Who are the stakeholders?
This list, like a lot of information gathered from form type stakeholder assessments, says a lot, but only if you make assumptions (more art than science even with the stats). White is the focus of the post, green possible stakeholders:
- A different approach, perspective and attitude toward change. Leaders, the curious, practitioners, competitors, academics
- Execution. Mid level leaders, internal practitioners
- What is this Change Management thing and how do I tell others about it? Could be any stakeholder
- What is the current environment? Practitioners
- Historical comparison, tie and a familiar name/concept. Academics, seasoned practitioners, stakeholders outside the change arena (like psychologists)
- The evolution of change management. New practitioners, the original writers of the article, academics
- The argument against CM. Naysayers, internal stakeholders of change, anyone trying to sell or discredit CM
- How to break into the field. College students, new practitioners, those considering a career switch, recruiters
- What does this cost? Potential clients, competitors, external practitioners
- What exactly will change management produce in terms of tangibles? Clients, mid level leaders, staffing firms
From this information we really have no idea who the stakeholders are. Like most initiative the range of stakeholder types is probably broad. This list of ten could be a reading list for any one of the groups if they were looking for a broad base of introductory information.

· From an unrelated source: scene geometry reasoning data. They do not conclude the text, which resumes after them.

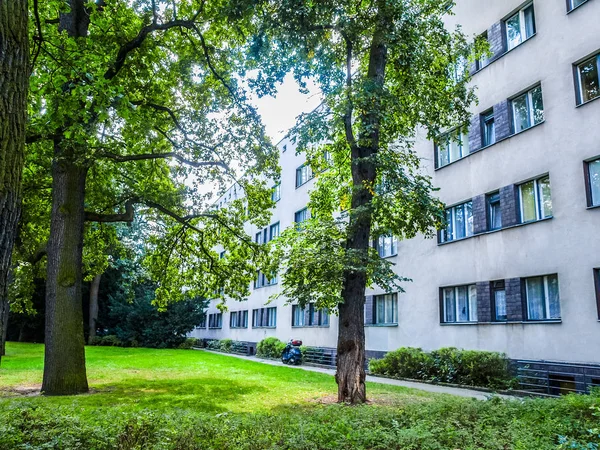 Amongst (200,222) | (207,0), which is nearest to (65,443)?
(207,0)

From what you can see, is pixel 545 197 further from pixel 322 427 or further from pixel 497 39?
pixel 322 427

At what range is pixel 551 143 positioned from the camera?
14.7 m

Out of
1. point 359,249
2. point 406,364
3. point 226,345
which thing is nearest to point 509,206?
point 406,364

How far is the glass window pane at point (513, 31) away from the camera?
54.4ft

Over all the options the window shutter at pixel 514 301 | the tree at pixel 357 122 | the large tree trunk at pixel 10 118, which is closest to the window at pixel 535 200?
the window shutter at pixel 514 301

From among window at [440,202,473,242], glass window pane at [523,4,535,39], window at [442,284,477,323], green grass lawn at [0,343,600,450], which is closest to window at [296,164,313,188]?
window at [440,202,473,242]

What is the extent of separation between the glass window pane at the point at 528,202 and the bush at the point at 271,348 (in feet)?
A: 56.5

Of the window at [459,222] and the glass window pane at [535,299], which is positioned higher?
the window at [459,222]

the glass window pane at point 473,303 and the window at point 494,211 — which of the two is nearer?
the window at point 494,211

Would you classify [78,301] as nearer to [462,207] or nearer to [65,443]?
[65,443]

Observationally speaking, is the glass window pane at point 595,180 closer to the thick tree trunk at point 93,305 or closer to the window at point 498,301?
the window at point 498,301

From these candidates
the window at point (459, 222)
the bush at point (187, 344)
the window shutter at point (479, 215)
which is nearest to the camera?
the window shutter at point (479, 215)

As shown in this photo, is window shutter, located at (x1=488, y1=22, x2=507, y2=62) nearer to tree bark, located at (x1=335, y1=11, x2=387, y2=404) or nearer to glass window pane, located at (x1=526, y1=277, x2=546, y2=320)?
tree bark, located at (x1=335, y1=11, x2=387, y2=404)

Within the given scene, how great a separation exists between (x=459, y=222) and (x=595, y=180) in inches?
214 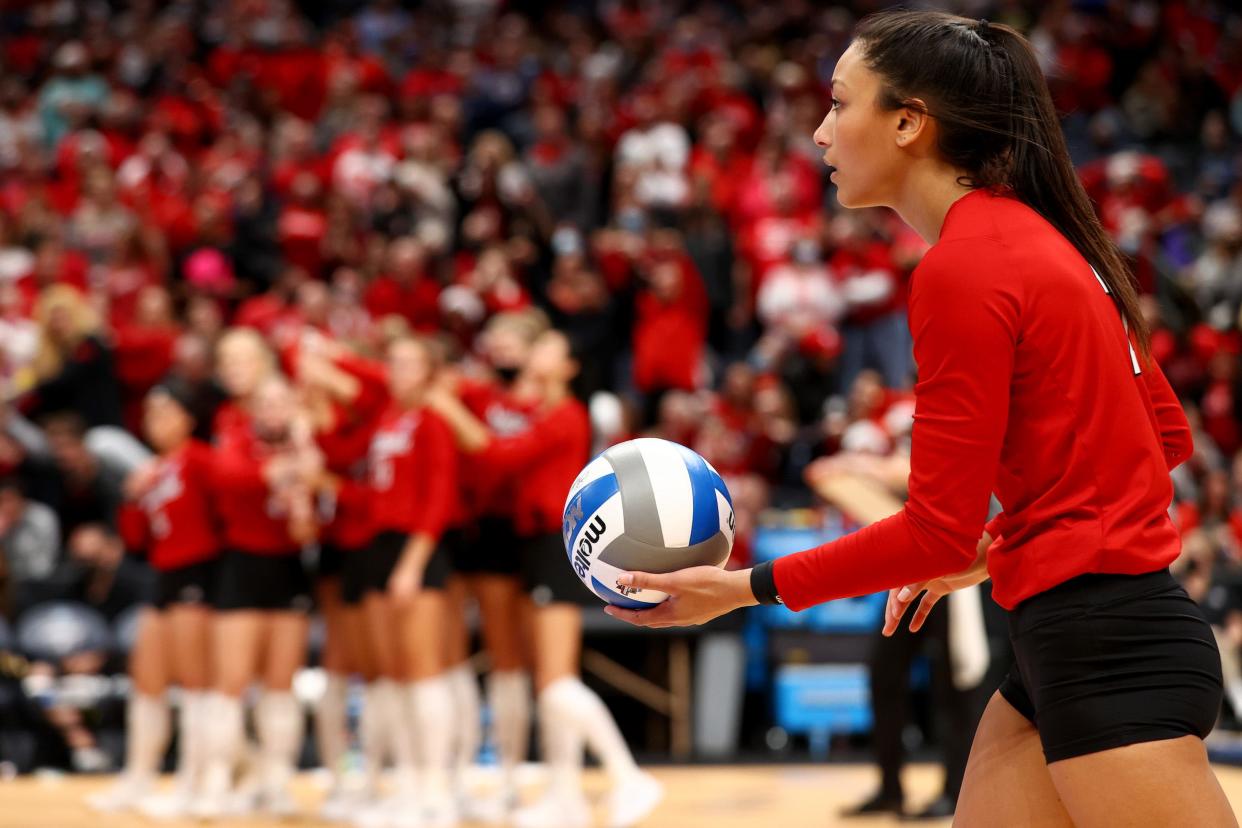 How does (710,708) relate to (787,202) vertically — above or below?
below

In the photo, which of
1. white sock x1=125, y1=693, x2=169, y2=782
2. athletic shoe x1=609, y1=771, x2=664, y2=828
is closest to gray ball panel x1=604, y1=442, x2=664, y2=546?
athletic shoe x1=609, y1=771, x2=664, y2=828

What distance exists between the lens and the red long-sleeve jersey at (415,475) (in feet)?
22.6

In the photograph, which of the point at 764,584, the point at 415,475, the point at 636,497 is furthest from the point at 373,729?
the point at 764,584

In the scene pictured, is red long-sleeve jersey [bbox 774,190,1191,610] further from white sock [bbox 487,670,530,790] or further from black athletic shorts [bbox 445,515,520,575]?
white sock [bbox 487,670,530,790]

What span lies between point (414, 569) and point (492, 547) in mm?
680

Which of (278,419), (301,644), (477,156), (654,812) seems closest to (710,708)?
(654,812)

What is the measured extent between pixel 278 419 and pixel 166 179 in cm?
617

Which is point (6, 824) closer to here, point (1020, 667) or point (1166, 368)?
point (1020, 667)

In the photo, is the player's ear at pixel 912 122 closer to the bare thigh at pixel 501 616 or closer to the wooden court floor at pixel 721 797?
the wooden court floor at pixel 721 797

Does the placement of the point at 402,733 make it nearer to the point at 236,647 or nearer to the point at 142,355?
the point at 236,647

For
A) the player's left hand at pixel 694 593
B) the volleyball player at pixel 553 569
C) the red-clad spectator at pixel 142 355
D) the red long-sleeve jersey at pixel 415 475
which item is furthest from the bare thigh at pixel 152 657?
the player's left hand at pixel 694 593

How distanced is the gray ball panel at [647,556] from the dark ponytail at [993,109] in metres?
0.75

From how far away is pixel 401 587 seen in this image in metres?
6.77

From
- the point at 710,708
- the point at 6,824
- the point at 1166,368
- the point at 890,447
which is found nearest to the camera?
the point at 6,824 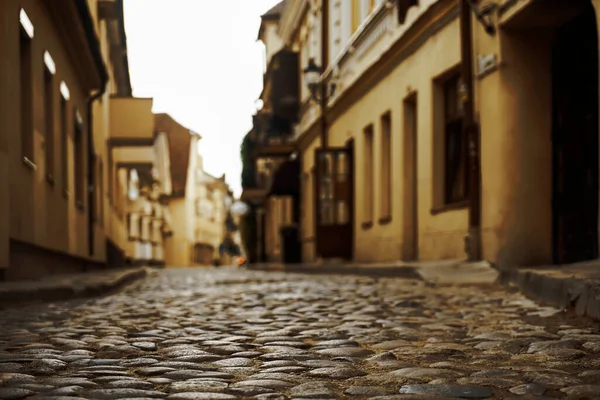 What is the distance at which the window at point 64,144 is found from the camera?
15.0 meters

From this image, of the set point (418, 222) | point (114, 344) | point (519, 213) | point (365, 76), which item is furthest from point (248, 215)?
point (114, 344)

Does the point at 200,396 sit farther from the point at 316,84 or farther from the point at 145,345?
the point at 316,84

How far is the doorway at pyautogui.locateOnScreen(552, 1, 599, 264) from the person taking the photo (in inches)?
456

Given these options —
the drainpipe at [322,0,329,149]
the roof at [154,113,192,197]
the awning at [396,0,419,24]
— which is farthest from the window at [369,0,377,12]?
the roof at [154,113,192,197]

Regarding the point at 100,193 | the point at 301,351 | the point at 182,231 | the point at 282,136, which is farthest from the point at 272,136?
the point at 182,231

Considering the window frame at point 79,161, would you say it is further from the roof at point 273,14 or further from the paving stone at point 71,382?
the roof at point 273,14

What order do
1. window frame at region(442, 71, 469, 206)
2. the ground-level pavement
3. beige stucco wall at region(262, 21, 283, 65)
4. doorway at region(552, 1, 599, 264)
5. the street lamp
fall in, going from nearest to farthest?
the ground-level pavement
doorway at region(552, 1, 599, 264)
window frame at region(442, 71, 469, 206)
the street lamp
beige stucco wall at region(262, 21, 283, 65)

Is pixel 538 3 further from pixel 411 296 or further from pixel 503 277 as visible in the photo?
pixel 411 296

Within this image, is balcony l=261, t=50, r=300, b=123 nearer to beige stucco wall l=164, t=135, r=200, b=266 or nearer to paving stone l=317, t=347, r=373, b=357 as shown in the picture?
paving stone l=317, t=347, r=373, b=357

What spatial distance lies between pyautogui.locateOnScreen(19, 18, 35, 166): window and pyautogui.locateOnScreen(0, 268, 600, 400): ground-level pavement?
3836 mm

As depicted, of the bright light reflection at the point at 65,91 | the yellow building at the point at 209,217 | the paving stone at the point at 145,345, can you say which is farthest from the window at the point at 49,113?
the yellow building at the point at 209,217

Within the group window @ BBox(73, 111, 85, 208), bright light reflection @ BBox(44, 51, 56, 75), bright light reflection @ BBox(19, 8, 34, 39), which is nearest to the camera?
bright light reflection @ BBox(19, 8, 34, 39)

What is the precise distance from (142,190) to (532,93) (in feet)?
105

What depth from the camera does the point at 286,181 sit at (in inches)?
1093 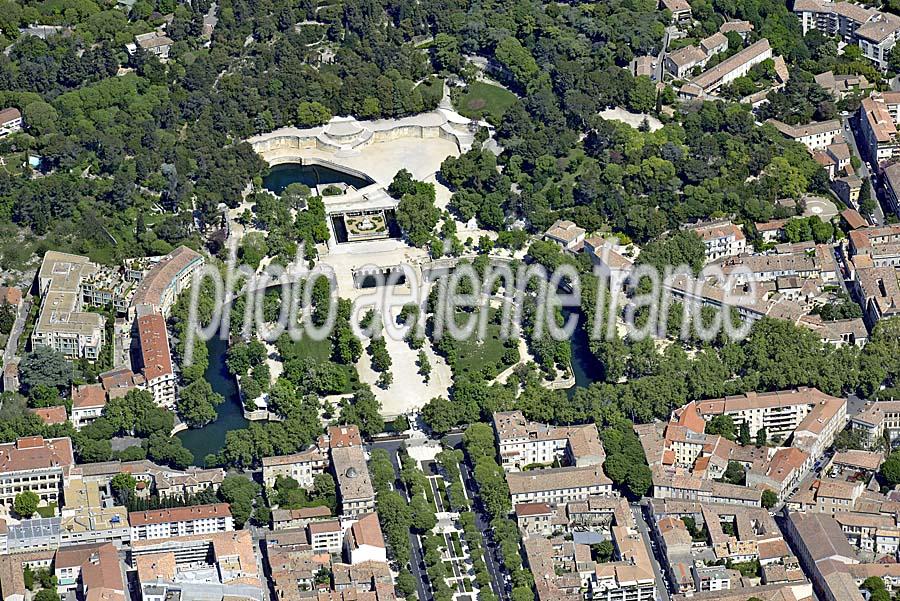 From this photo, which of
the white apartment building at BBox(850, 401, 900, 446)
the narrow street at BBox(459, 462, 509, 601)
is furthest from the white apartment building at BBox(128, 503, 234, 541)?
the white apartment building at BBox(850, 401, 900, 446)

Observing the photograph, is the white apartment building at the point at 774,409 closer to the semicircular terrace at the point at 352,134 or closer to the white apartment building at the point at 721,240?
the white apartment building at the point at 721,240

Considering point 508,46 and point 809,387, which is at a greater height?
point 508,46

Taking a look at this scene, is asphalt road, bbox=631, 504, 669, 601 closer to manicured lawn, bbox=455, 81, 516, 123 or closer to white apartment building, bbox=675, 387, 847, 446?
white apartment building, bbox=675, 387, 847, 446

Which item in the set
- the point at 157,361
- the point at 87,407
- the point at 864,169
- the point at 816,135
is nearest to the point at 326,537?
the point at 87,407

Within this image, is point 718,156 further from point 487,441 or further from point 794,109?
point 487,441

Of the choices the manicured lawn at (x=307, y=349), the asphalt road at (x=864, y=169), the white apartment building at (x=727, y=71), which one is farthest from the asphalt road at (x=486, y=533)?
the white apartment building at (x=727, y=71)

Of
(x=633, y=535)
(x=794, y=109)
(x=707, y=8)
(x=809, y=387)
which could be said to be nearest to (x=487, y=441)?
(x=633, y=535)
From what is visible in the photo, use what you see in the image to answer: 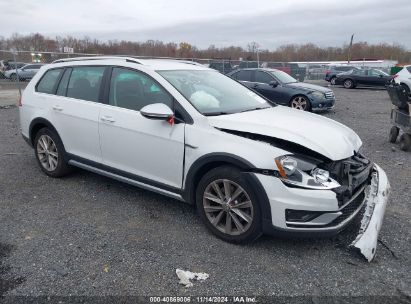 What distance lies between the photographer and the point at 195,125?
3.60 m

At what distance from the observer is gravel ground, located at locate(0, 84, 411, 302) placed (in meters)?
2.88

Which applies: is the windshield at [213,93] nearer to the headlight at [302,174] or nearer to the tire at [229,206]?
the tire at [229,206]

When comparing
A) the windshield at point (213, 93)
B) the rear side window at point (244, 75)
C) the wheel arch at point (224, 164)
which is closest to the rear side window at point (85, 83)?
the windshield at point (213, 93)

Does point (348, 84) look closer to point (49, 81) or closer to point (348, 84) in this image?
point (348, 84)

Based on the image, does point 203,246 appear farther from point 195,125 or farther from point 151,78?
point 151,78

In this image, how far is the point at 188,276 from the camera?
300cm

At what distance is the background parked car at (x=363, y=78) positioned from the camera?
2327 cm

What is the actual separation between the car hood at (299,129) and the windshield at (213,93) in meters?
0.23

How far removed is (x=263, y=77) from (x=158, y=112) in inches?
361

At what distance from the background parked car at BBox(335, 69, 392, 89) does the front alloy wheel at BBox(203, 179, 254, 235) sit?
2267 cm

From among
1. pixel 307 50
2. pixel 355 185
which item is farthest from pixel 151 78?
pixel 307 50

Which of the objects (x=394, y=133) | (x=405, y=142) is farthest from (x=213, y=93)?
(x=394, y=133)

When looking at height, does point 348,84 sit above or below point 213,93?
below

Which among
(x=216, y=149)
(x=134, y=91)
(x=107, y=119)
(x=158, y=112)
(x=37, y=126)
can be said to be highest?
(x=134, y=91) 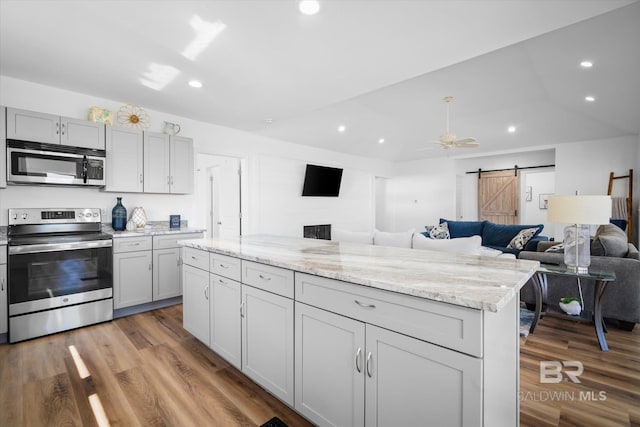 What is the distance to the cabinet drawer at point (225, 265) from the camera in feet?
6.92

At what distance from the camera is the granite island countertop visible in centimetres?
112

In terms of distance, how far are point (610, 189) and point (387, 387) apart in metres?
7.03

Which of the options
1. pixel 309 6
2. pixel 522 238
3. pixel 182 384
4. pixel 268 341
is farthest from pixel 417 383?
pixel 522 238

What is important to them?
It is a little easier to garner importance. This list covers what CM is, where it came from, how to explain it, what to expect in terms of output, how to get into the profession and cost. Like most change it is the list of why, who, where, what, when and how.
What are they looking for?
Readers are looking for understanding, tips, explanation of new approaches, the nitty-gritty of delivery/execution and the basis for the use of change management (or not).
What information are they missing?
Obviously the information the posts represent, but dig deeper. This blog is about positive, end state change. That flies in the face of most change methods and approaches (theory has not really been studied scientifically- no Prosci does not qualify). The top post addresses the first the others have more to do with information that feeds the second.
Stakeholders do not always know what they are missing. You often have to feed them the information they are comfortable with while at the same time leading them to an understanding of the things they do not know- and are not aware they need to understand.
Do they understand the current environment, the change, possible end states?
This question tags onto, or maybe precedes the last. Practitioners and leaders need to be open to listen to stakeholders in order to understand where they are coming from, which spot they are starting with, so end states will make sense.
Do these stats reveal anything? Can I use some science to plan for change? Yes and not really.
If this was a change initiative and I was to rely on the stats I would need to make a lot of assumptions. If I am an internal leader or practitioner making those assumptions our change not only switched from science to art it turned into a paint by numbers process. I will steer things my way, consciously, subconsciously or unconsciously.
Now imagine if I could reach out in some way to these readers/stakeholders to cater the change to them. I know the end state I would like, but there is a lot of room for flexibility of content, process and structure (and timing)- just like big organizational change.
Stats can help change. They can paint pictures, they can help frame arguments, they can be support for cost. Nothing matches the art of interaction with stakeholders though.